Book Review: 'The Immortalists' by Chloe Benjamin

3 min read


The Immortalists cover

I was drawn to The Immortalists because of the beautiful cover and a good review on Goodreads. On one hand, I could barely put this book down. It was interesting and I found myself invested in the fates of each character. On the other hand, every character was just unlikeable enough that I didn't really care what happened to them in the end.

The main premise of The Immortalists is that four siblings, Varya, Daniel, Klara, and Simon, meet a fortune teller who tells each of them, separately, the exact days they will die. After this first chapter, the book is divided into four sections, which follows each sibling as they approach their expiration dates.

As I mentioned earlier, I didn't find any of the characters sympathetic, and much of what drove my enthusiasm for this book was seeing how the deaths played out. Each main character came across as extremely selfish and unlikeable. Perhaps this is partially due to their date coming close, but even when their stories start years in advance, they still come across as awful people.

Some of the secondary characters were more interesting than the main characters, namely Robert, Raj, and Ruby. I would gladly read a spinoff novel with Raj and Ruby. It almost feels like the secondary characters, the ones who don't know their dates of death, have more life, more personality, than the ones that do.

The exception to this is the cop-turned-FBI agent character, who exists as a creepy, stalker-ish MacGuffin simply to connect the deaths, and then to rip away the mystery of the fortune teller. Then, he vanishes almost completely from the last quarter of the book. Any time that character, Eddie, appeared, I hated it.

While I found my fondness for each child decreasing as I read their stories, I gained more fondness for their mother, Gertie. At first, Gertie came across as overbearing, self-absorbed, and needy. However, by the end of the book, I found myself hoping that she would not outlive all of her children. Maybe my favorite part of the book is when she berates Varya for believing in the fortune teller, and when Varya counters with Gertie's reliance on religion, Gertie explains that she raised her children to be smarter than her, and to not fall for superstition.

The Immortalists is a weird book. It has small moments where it really shines, but taken as a whole, it's just kind of ok. The premise of the book is fantastic, and the main themes of magic, illusion, and religion are compelling, but I wasn't moved. However, I was moved enough to write many words about this novel. I think maybe it's because I feel like I'm missing something, like I missed some secret message hidden in the book.

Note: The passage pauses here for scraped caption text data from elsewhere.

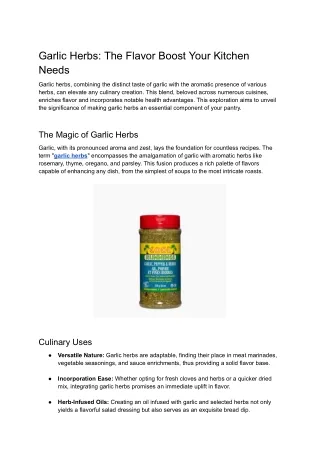 Garlic Herbs_ The Flavor Boost Your Kitchen Needs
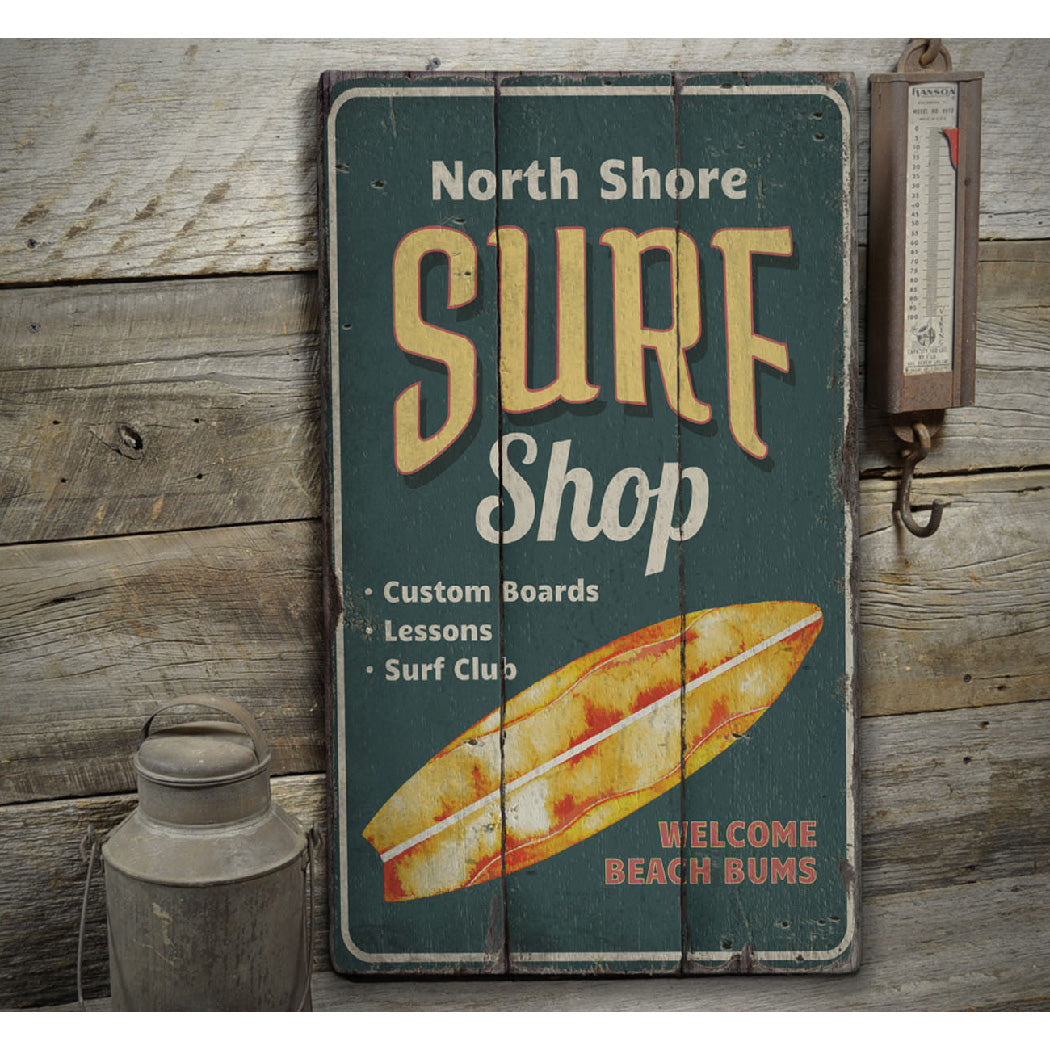 North Shore Surf Shop Rustic Wood Sign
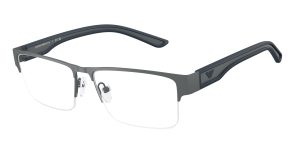Emporio Armani EA1182 3010 แว่นสายตาโลหะ Rubberized Grey Rectangle สำหรับผู้ชาย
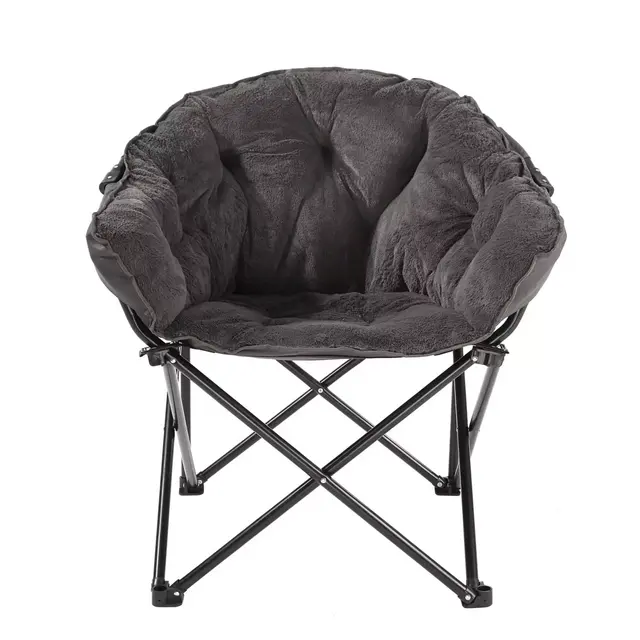 Simply Essential™ Foldable Faux Fur Club Chair in Charcoal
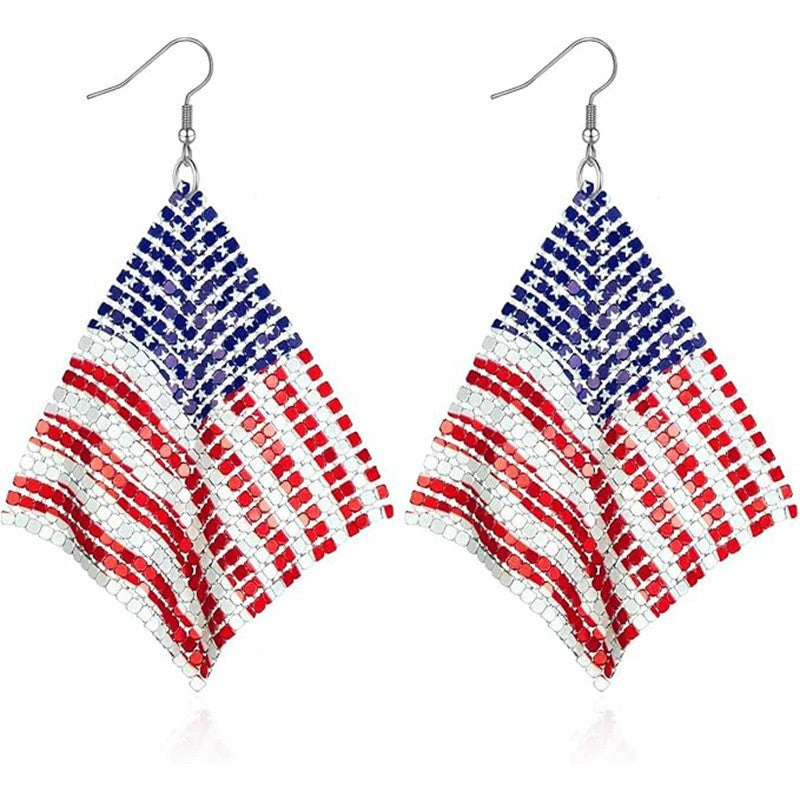 Women’s eye-catching drop earrings with flexible mesh, sequined trim, and hook closure 
Maetiva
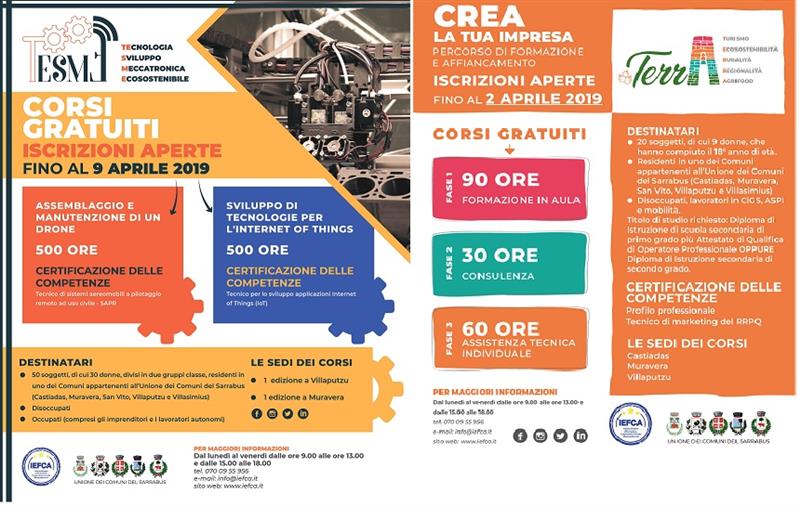 SARRABUS, Green e blue economy, al via i corsi, domande entro 2 aprile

Would I want to know the date of my death? Judging from this book, probably not. None of the main characters in The Immortalists are actually living, instead dreading the date in the back of their minds, and in turn, that makes them selfish, neurotic people.

Would I recommend The Immortalists? I think I've been a little harsh because it didn't meet my high expectations from reading earlier reviews, but I do think it is a fine read. Like I said at the beginning, I read through this book pretty quickly, and enjoyed reading it. But don't expect to understand the meaning of life and death from it, either. Enjoy it for what it is, a story about four kids who make a decision that changes their lives forever.